Slovenia's plan to cap carbon dioxide emissions at 8.3 million tons per year got a green light from the European Commission on Monday.
EU Environment Commissioner Stavros Dimas said Slovenia's program was accepted under the European Union's carbon emissions trading plan for 2008-2012, which is meant to combat climate change, reducing Europe's greenhouse gas emissions.
The EU is currently evaluating all 27 national plans to cut emissions for the second trading period, which starts in 2008. It has provisionally approved 13 such plans, including those from big emitters like Britain and Germany.
Slovenia's plan however, needs some small changes before it is ready to be implemented the commission said. It called for Slovenia to limit access to its national credits for foreign-based industries seeking to purchase them.
The EU has taken a tough stand cutting permits for emissions available to industry.

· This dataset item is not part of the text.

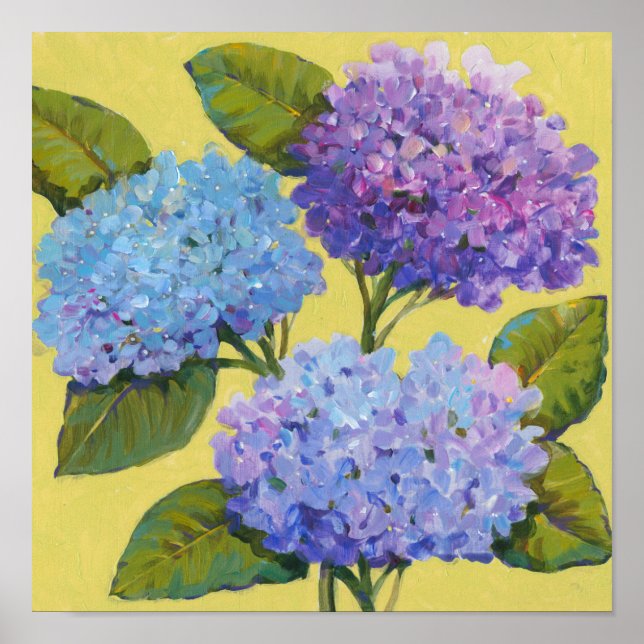 Spring Hydrangeas I Poster (Front)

Last month the commission cut allowances for amounts of carbon dioxide industry can release in Belgium and the Netherlands to ensure scarcity needed to boost the prices of the so-called carbon credits.
Emissions trading is the cornerstone of an EU push to reduce greenhouse gas releases by 8 percent below 1990 levels by 2012, as it promised under the 1997 Kyoto Protocol on climate change, reports AP.

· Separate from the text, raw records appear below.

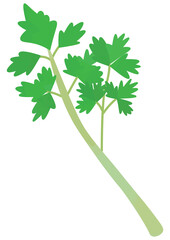 春の七草　セリのイラスト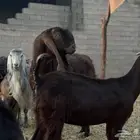 تيس فحل شامي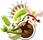 https://psyc0pathe.alwaysdata.net/Transformice/cartouches/cartouche_59.png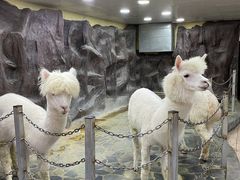 -上海大自然野生昆虫馆(东方明珠·爬宠昆虫探索中心)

Starting last year, companies that produce large amounts of carbon dioxide mainly power plants burning oil, natural gas and coal can trade allocations for how much they can release, giving them a financial incentive to release less pollution.
But the scheme risked losing credibility when it emerged that some governments had set targets above actual emissions during the first stage of the EU trading scheme from 2005 to 2007.
Carbon trading needs allowances pegged below actual levels to trigger the market conditions that encourage companies to cut real carbon releases.